● **PROBLEM TO WORK ON**
Although the records contain pictures, only their text should be set down, exactly as written.

[Short web captions]
-----

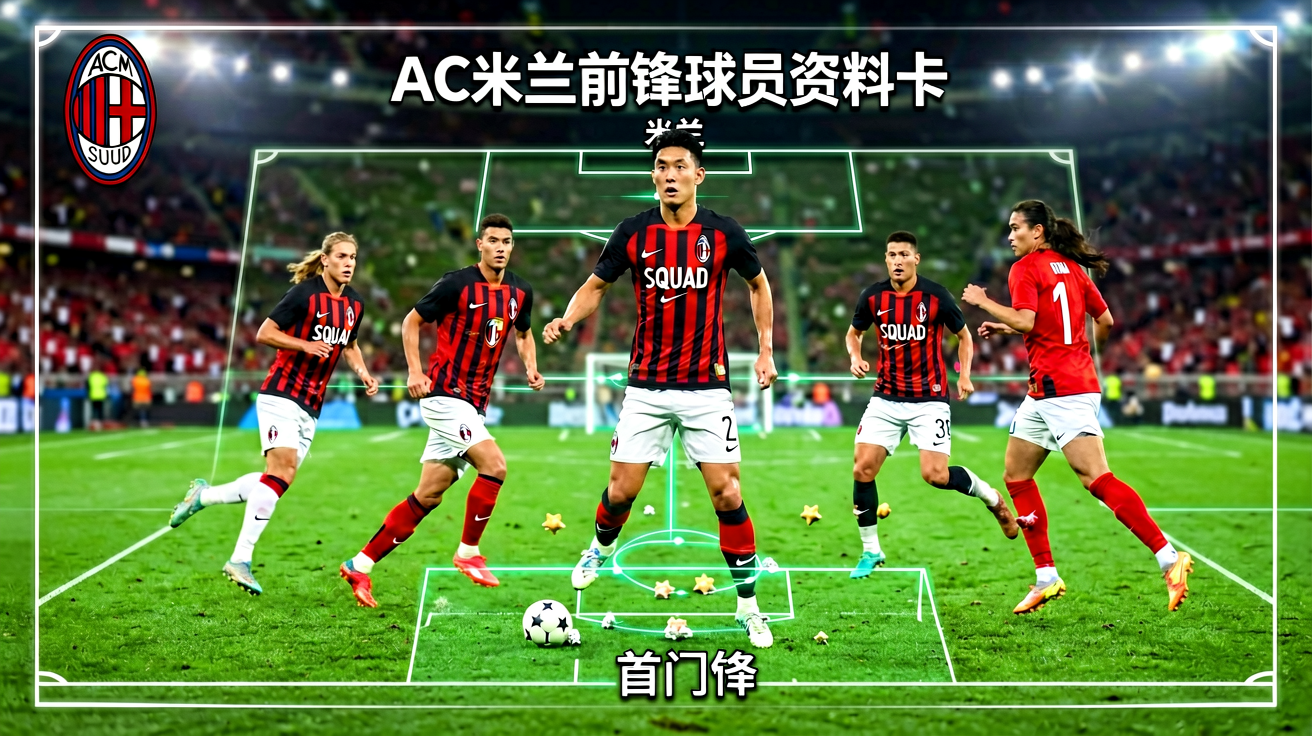 AC米兰前锋球员资料卡，前锋进攻位置信息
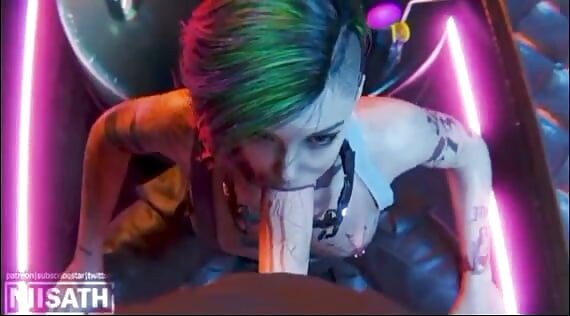 Judy is cleaning and polishing that big cock with her hot mouth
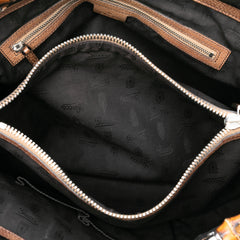 Guccissima Trimmed Leather Bamboo Libeccio Tote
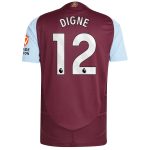 aston villa adidas home authentic shirt 2024-25 with digne 12 printing Collection | Aston Villa Shirts and Official Gear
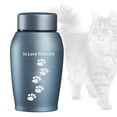 thumbnail image 1 of Creative Cremation Urn Funeral For Pets Container Cat Dog Pets Memorials Blue, 1 of 10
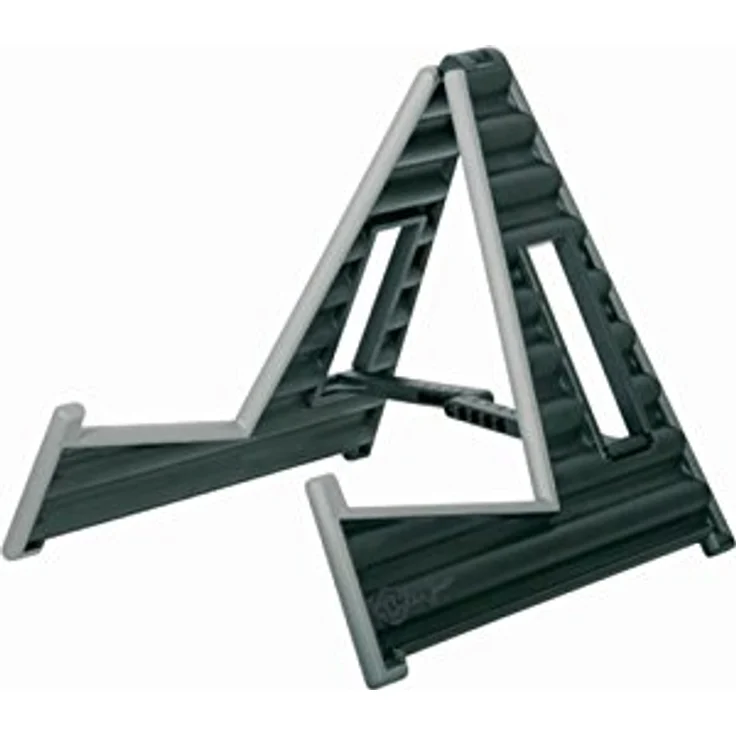 K & M 17591-000-55 Gitarrenständer, Schwarz und Silber – Bild 2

-----

● **RESULT OF THIS EXERCISE**
 AC米兰前锋球员资料卡，前锋进攻位置信息
 Judy is cleaning and polishing that big cock with her hot mouth
 Guccissima Trimmed Leather Bamboo Libeccio Tote
 aston villa adidas home authentic shirt 2024-25 with digne 12 printing Collection | Aston Villa Shirts and Official Gear
 thumbnail image 1 of Creative Cremation Urn Funeral For Pets Container Cat Dog Pets Memorials Blue, 1 of 10
 K & M 17591-000-55 Gitarrenständer, Schwarz und Silber – Bild 2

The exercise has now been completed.